Ancora, la L. 18 giugno 2009, n. 69, recante Disposizioni per lo sviluppo economico, la
semplificazione, la competitività nonché in materia di processo civile, all’art. 30 ha previsto che le carte dei servizi adottate dai soggetti (pubblici o privati) che erogano servizi pubblici o di pubblica utilità devono contenere la previsione della possibilità, per gli utenti che
lamentano la violazione di un diritto o di un interesse giuridico rilevante, di promuovere la
risoluzione non giurisdizionale della controversia (che deve avvenire entro trenta giorni
dalla richiesta). Esse devono prevedere, altresì, l’eventuale ricorso a meccanismi di sostituzione dell’amministrazione o del soggetto inadempiente.

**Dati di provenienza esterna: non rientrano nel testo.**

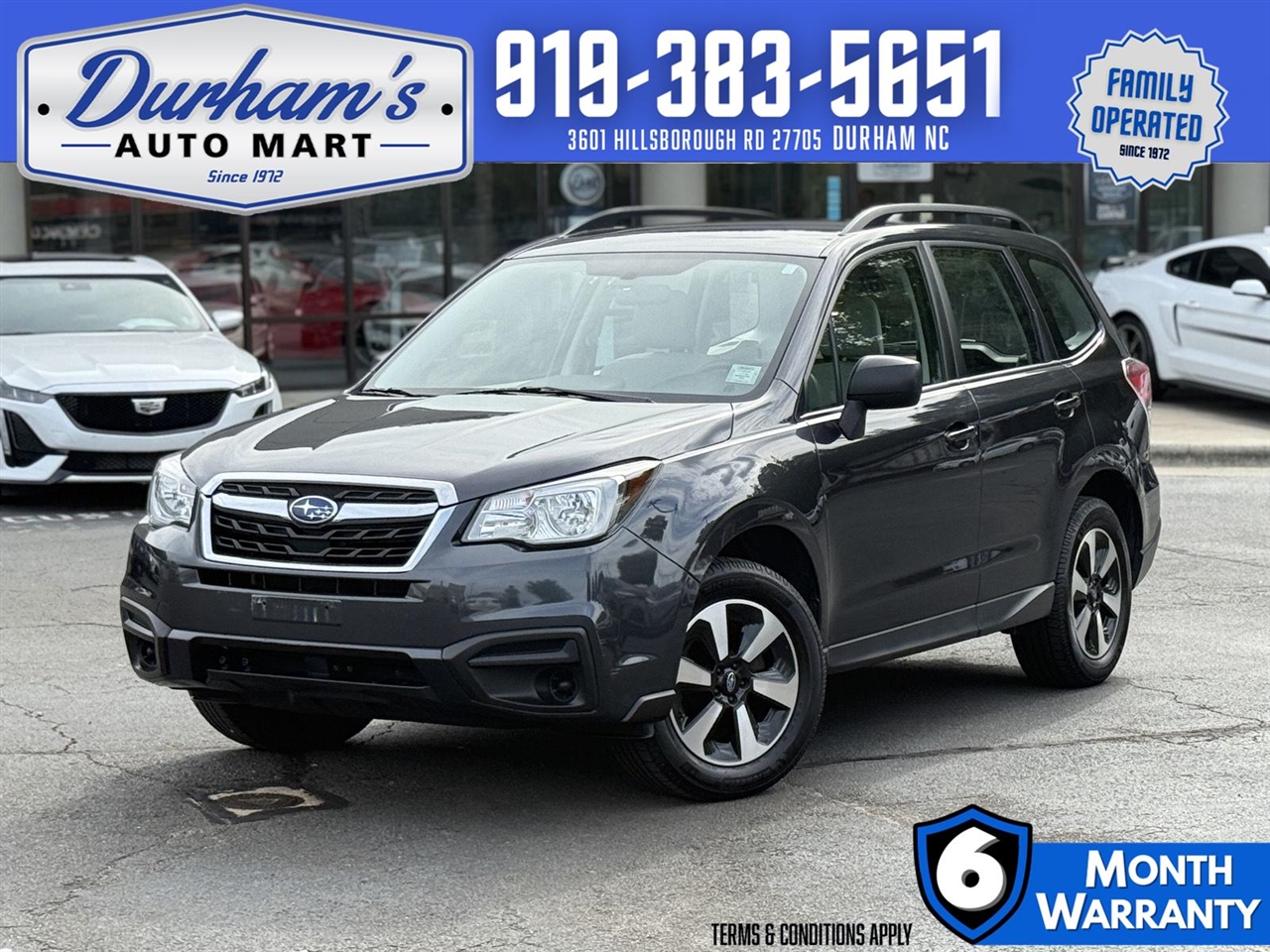 2018 Subaru Forester 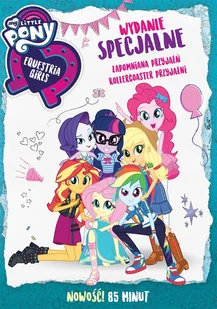 My Little Pony Equestria Girls Zapomniana przyjaźń Rollearcoaster przyjaźni - Filmy dla dzieci DVD - miniaturka - grafika 2
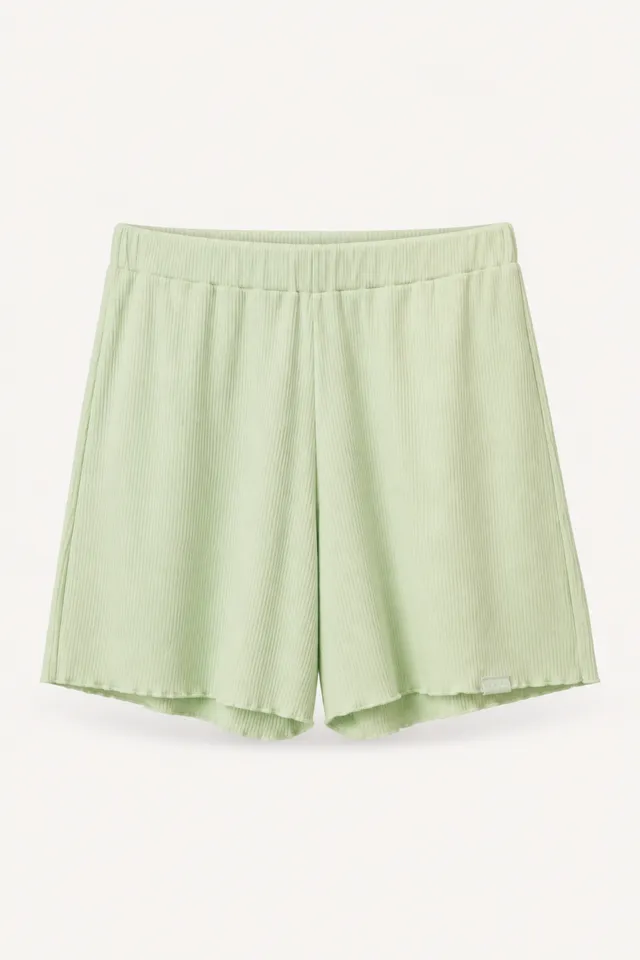 oh-april-lyle-shorts-mint-green-shorts-baumwolle-modal image 1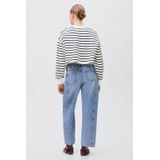 MANGO TEEN - Sweater - Wit - Oversized Pasvorm - Lange Mouwen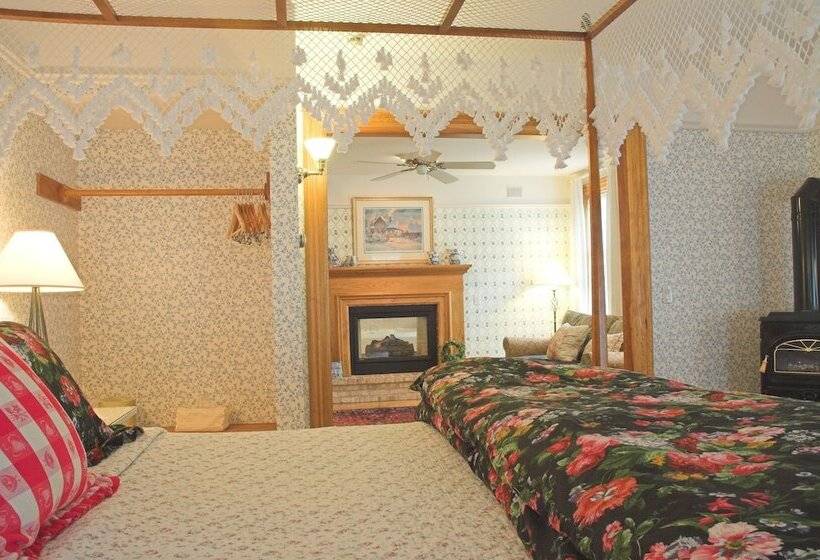 자쿠지 스위트, White Lace Inn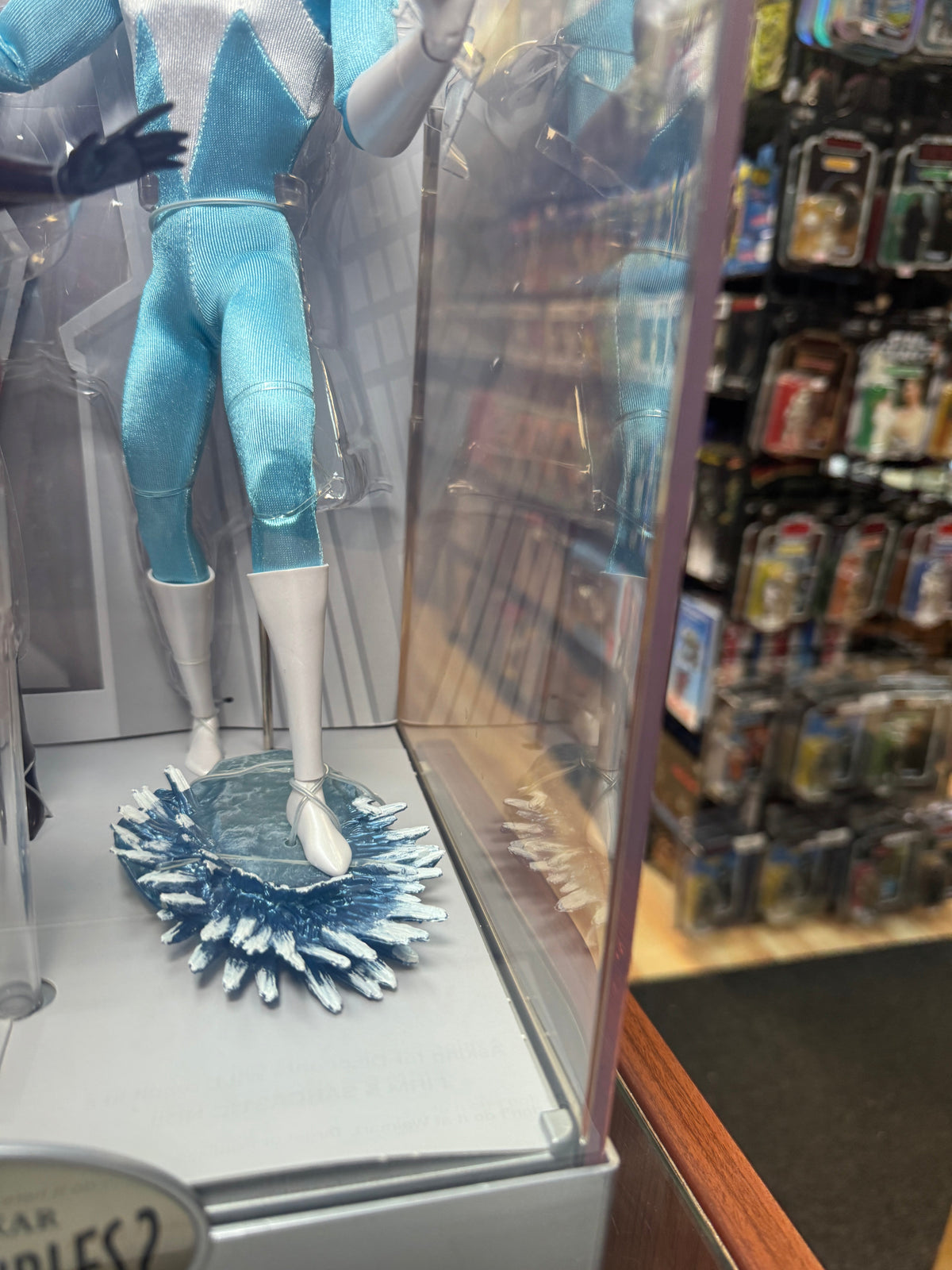 Elastigirl, Jack-Jack, Frozone Doll Set (Disney Designer Series, Incredibles 2) SEALED product image 9, provided for visual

Sul contenuto delle carte di servizio è, altresì, intervenuto il D.L. 24 gennaio 2012, n. 1,
conv. con modif. in L. 24 marzo 2012, n. 27 (cd. decreto liberalizzazioni). Tale provvedimento, tra le disposizioni a tutela del consumatore prevede, all’art. 8, che le carte di servizio, nel
definire gli obblighi cui sono tenuti i gestori dei servizi pubblici, anche locali, o di un’infrastruttura necessaria per l’esercizio di attività di impresa o per l’esercizio di un diritto della persona
costituzionalmente garantito, indicano in modo specifico i diritti, anche di natura risarcitoria,
che gli utenti possono esigere nei confronti dei gestori del servizio e dell’infrastruttura.
Da ultimo si segnala che la dimensione di «tutela del cittadino» è rafforzata dal D.Lgs.
33/2013, cd. T.U. sulla trasparenza, laddove l’art. 10 stabilisce che la trasparenza rileva anche come dimensione principale ai fini della determinazione degli standard di qualità
dei servizi pubblici da adottare nelle carte dei servizi ai sensi dell’art. 11 del D.Lgs.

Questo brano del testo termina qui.